Le Parc comme cheval de Troie
Partant de cela, il a été recommandé de concevoir un module en prenant compte des différents niveaux d’étude. Pour cela, il suffit de profiter de l’élaboration en cours des curricula pour identifier les disciplines porteuses afin de faciliter l’intégration d’un module sur la sexualité. Un travail qui devra se faire en rapport avec le Programme d’appui au renouvellement des curricula (Parc).
« A titre indicatif, on peut avancer les thèmes suivants : la fonction sexuelle, l’attitude sexuelle, l’acceptation de l’autre dans la relation sexuelle, la communication en matière de sexualité, la santé physique, la santé psychologique et mentale, l’offre de service de santé sexuelle, les VGMS ; ‘’Egalité et Equité de Genre’’ et Droits humains », propose le rapport. Non sans souligne que les contenus devront ‘’naturellement’’ être en phase avec les orientations du ministère de l’Education.
Mais le document le plus compromettant est sans doute celui intitulé « Principes directeurs internationaux sur l’éducation à la sexualité ». C’est ce document (de l’Unesco) qui est d’ailleurs censé fixer le cadre de référence tiré de la vision globalisée du monde par les grandes puissances et le lobby Lgbti.

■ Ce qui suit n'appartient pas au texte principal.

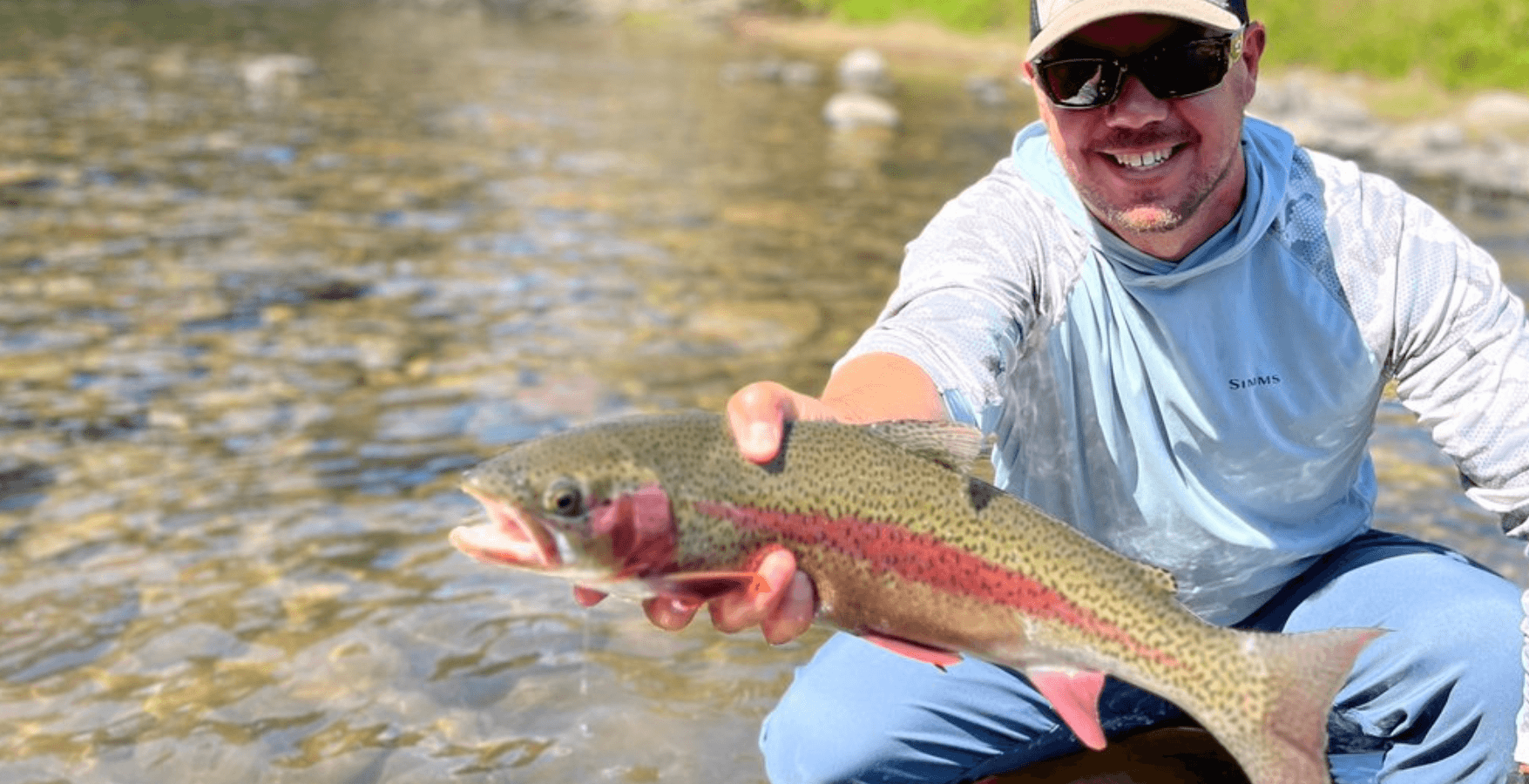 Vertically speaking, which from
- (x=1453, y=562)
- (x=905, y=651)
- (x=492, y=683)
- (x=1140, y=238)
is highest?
(x=1140, y=238)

Ce document met en avant ce qu’il appelle des concepts clés. On y note une volonté de prendre l’enfant dès l’âge de 5 ans jusqu’à 18 ans pour lui enseigner progressivement l’éducation sexuelle et l’acceptation de l’autre, quelle que soit son orientation sexuelle.Apprendre à l’enfant la remise en cause des valeurs de ses parents
Et pour cela, on lui apprend d’abord à remettre en causse les valeurs morales dans lesquelles il est censé être éduqué. Par exemple, l’idée centrale de la rubrique ‘’valeur et sexualité’’ se résume comme suit : « À mesure que les enfants grandissent, ils forgent leurs propres valeurs, qui peuvent être différentes de celles de leurs parents/ tuteurs ».
Après ce travail de déconstruction, commence celui de la construction d’un nouveau modèle. La rubrique ‘’comprendre la notion de genre’’ va s’en charger. « La manière dont les individus se perçoivent ou se présentent aux autres du point de vue du genre leur est propre et doit être respectée (…) L’homophobie et la transphobie sont préjudiciables aux personnes ayant des orientations sexuelles et des identités de genre différentes », lit-on.

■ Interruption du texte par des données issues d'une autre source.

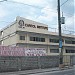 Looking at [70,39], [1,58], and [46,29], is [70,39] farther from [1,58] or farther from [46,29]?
[1,58]

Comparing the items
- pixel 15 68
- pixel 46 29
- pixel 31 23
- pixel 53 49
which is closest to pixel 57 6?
pixel 15 68

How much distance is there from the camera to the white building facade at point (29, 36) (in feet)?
154

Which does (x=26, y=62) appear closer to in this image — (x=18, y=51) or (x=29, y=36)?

Ainsi donc, à la lumière de ces documents, on se rend compte que l’Unesco n’est certes pas innocente dans cette affaire, mais elle a bon dos. « C’est l’Etat du Sénégal qui refuse d’assumer ses choix. (…) Les structures étatiques concernées (Min de la sante, Min de l’Education, etc.) doivent sortir de l’ombre et venir s’expliquer devant l’opinion », interpelle un citoyen intéressé par la question.
Comme quoi, pour juger la volonté de l’Etat du Sénégal en matière d’éducation sexuelle à l’école, mieux vaut se fier aux actes et supports écrits plutôt qu’à des discours, généralement lénifiants.